2. Take inventory. What resources are available, and what obstacles are you likely to face? Take into account your primary strengths and how you can use them to help you achieve these goals. Also plan for how you will deal with the Resistance (capital R) that’s always an obstacle to positive growth and change. See Do the Work (http://amzn.to/1QVot58).
3. Develop strategies to achieve these goals and test them out in the real world.
4. Tweak your strategies in response to tangible results and feedback from these efforts.
5. Iterate. Keep the process going to achieve new and/or modified goals.
As a leader, try to play more the role of coach and mentor. That is, help your people to work within the above goal-setting/accomplishment structure towards a positive outcome. Check out the references above for insights and tools for doing this.
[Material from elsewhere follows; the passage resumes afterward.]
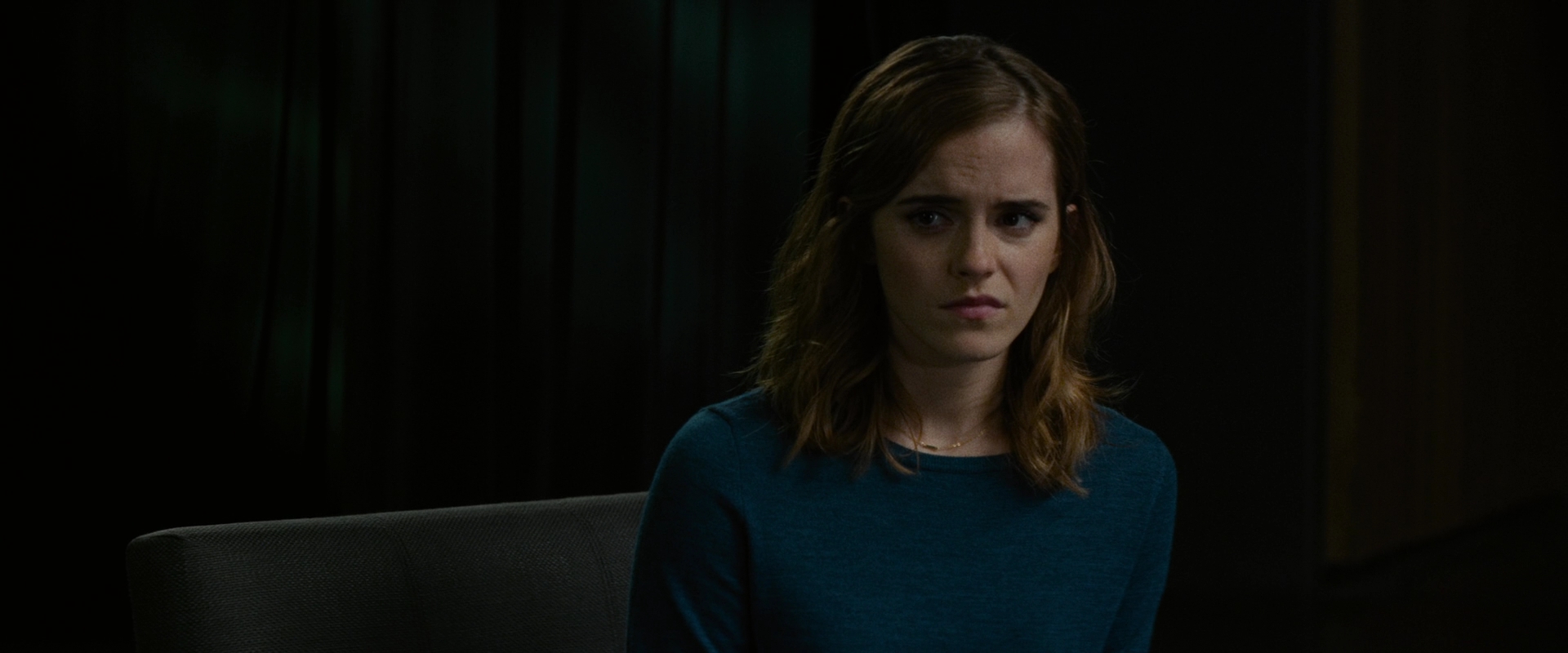 EmmaWatsonFan-dot-nl_TheCircle3301.jpg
Good communications are essential to success in any organization. No matter how diligent you are about communications, things tend to fall through the cracks and people get lax after a while. It takes sustained and continued effort to make sure that everybody has the information they need to be successful. The 3 x 5 conversation can help keep the lines open and can help create a culture of growth and positive achievement. This tool is deceptively simple and easy to use, but it’s not a one-time fix. It’s something you’ll need to rely on consistently over time for maximum impact and benefit.